Wireless and Winners

What's the link between today's cell phones and transatlantic flights? The answer is Clifden, a small town in the west of Ireland, which was the scene of two hugely significant events in the early 20th century.

The first was due to the Italian inventor, Guglielmo Marconi, who successfully developed long-distance wireless telegraphy. Determined to send wireless signals across the Atlantic, he established a transmitting station in Cornwall, but after some difficulties there, he decided to move his station as far west as he could. The site he chose was Clifden or, to be exact, Derrygimlagh Bog, about three miles south of Clifden.

The station officially opened in 1907, and commercial signalling began between Clifden and Glace Bay in Nova Scotia, Canada on 17th October. Buildings on the site included a power house with 6 boilers and a huge condenser building as well as houses for the workers. There was a also a massive aerial system with 8 wooden masts, each 210 feet high. The sparks from these could be heard over a wide distance and resembled lightning. Fifty people were employed at the station, and a further seventy were also employed cutting peat to fuel the steam generators.



When advances were later made in technology, a more powerful station was built in North Wales but the Clifden Station remained operative until it was attacked and burned by Republican ‘irregulars’ in 1922. It was closed down after this, and the buildings gradually fell into disrepair.

The second event came twelve years after the Marconi station opened. In June 1919 British aviators John Alcock and Arthur Whitten-Brown left St John’s, Newfoundland, flying their Vickers VIMY biplane. Although there had been previous flights across the Atlantic Ocean, theirs was the first non-stop journey, lasting 16 hours and 27 minutes.

It wasn’t an easy journey – at one time due to thick fog, they were unable to navigate with their sextant and twice almost came down in the sea. The batteries for their heated suits failed, meaning they were freezing cold in the open cockpit – but evidently their coffee was laced with whisky! Half way through the night, they ran into a snowstorm and Brown had to climb out onto the wings to clear the ice from the engines' air intakes.

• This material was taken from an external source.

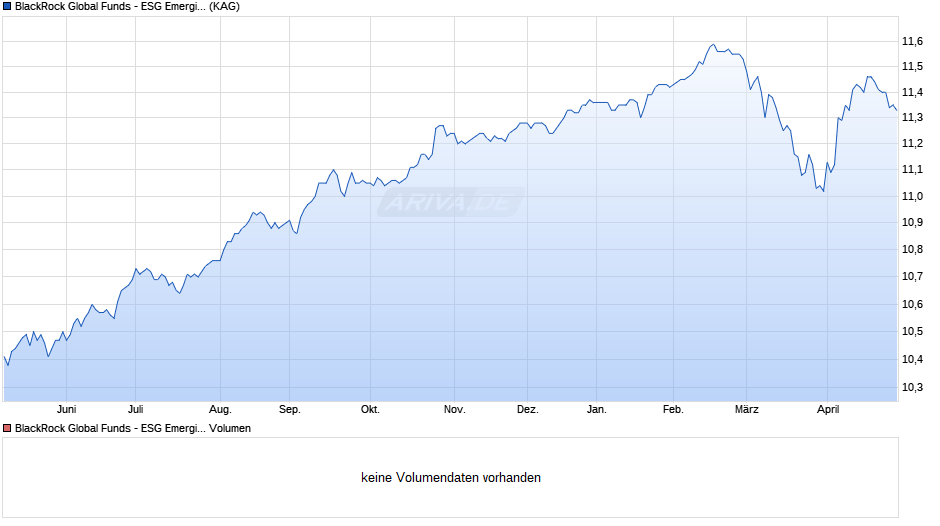 BlackRock Global Funds - ESG Emerging Markets Bond D2 EUR H Chart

Their choice of Clifden as a landing place was deliberate because of the Marconi station. Several years earlier, the Daily Mail newspaper had offered a prize of £10,000 (over £1 million in today’s money) to any pilot who could fly an airplane across the Atlantic within 72 hours. Alcock and Brown were aware of other contenders for this prize and wanted to make sure the news of their arrival in Ireland was telegraphed to London as soon as possible.

They looked for a meadow on which to land and mistook the boggy surface near the Marconi station for hard ground. A man in the transmitter building tried in vain to warn them, but they thought he was waving a welcome! As they touched down, they sank into the mud and the plane nosed over into the soggy peat. A somewhat ignominious ending to a triumphant flight, but at least neither of them was hurt. The man in the transmitter building rushed out to them and asked where they'd come from. 'Canada', said Brown. 'We were there yesterday - and we're the only two people in Europe who can say that.' And it was a local reporter from the Connacht Tribune who got the scoop of the century by interviewing the two aviators. 


These two huge landmarks in the history of communications and transport went on to change the face of the 20th century- and Clifden saw them both. Not bad for a small out-of-the-way town in the west of Ireland, was it?

The memorial to Alcock and Brown's landing at Derrygimlagh
but (a) it's not at the place where they actually landed
and (b) for some unknown reason it shows a modern tail fin
although they flew a biplane!

Derrygimlagh Bog, taken from the site of the memorial - and the actual landing
place is the white speck in the far distance which is a large monolith. At least it is
now painted white (which it wasn't when I first visited the site!)
Pictures of Alcock and Brown, and other information about their
flight, displayed in Mannion's Bar in Clifden  

2 comments:

  1. An amazing story Paula. I bet the whisky helped when he had to venture out on the wing!